Debunking Earned-Media Myths

You’ve probably heard the term earned media being tossed around a lot these day. It’s all the rage in CMO offices the world over.

For some CMOs, earned media is just another way to extract incremental media efficiencies through exposures above and beyond what it is that they’ve paid for. For others, it is a means to enhanced marketing effectiveness through consumer engagement.

But for a large percentage of CMOs, earned media has remained a mystery or at least something that should not be relied on for predictable outcomes. It’s time to debunk that myth. Earned media is not random. Far from the case, earned media is plannable and predictable.

We’ve seen branded video generate as little as 2% and as high as 2,000% in earned media lift.  Here are a few more myths to debunk.

Myth 1: Only long-form content can generate earned media.

While many examples of long-form content have had success in generating significant earned media, it is not restricted to videos over 45 seconds in length. Even the traditional 30-second television spot can drive earned views. Of the total 198 placements that garnered 26.2 million views for Dodge’s“Ron Burgundy” spot, for example, 169 of these placements were content uploaded or created by viewers.  That is an outstanding 6X lift in earned media.

Myth 2: Earned media is randomly generated from campaigns featuring things like cute babies, celebrity stunts, and talking animals. 

While those kinds of campaigns can drive earned media, those elements are not a guarantee. The key to driving earned media is hitting those elements in the right doses and using them in the right contexts.

Myth 3: Maybe we will get lucky by throwing money into random outlets like celebrity social accounts, fan bases, etc.

One of the most important things to consider when in the pursuit of earned media is both where and how the creative elements are distributed.
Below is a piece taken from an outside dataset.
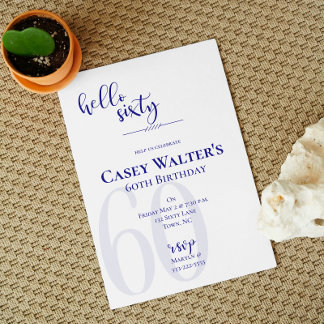 Modern Navy Blue Hallo Sechzig Geburtstagseinladun Einladung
The content has to be placed in the correct environments, with the right audiences, at a time consumers are most attentive. The variables that characterize those environments determine the earned media outcome.

The same applies to how the campaigns are flighted. The Super Bowl supplies a great example of how the flighting of a campaign can increase earned media. Over the years, we’ve seen brands latch onto releasing Super Bowl campaigns one or two weeks prior to the game. The release of these campaigns ahead of the event creates buzz and ultimately leads to an increase in views for those campaigns that release early, compared to those that don’t.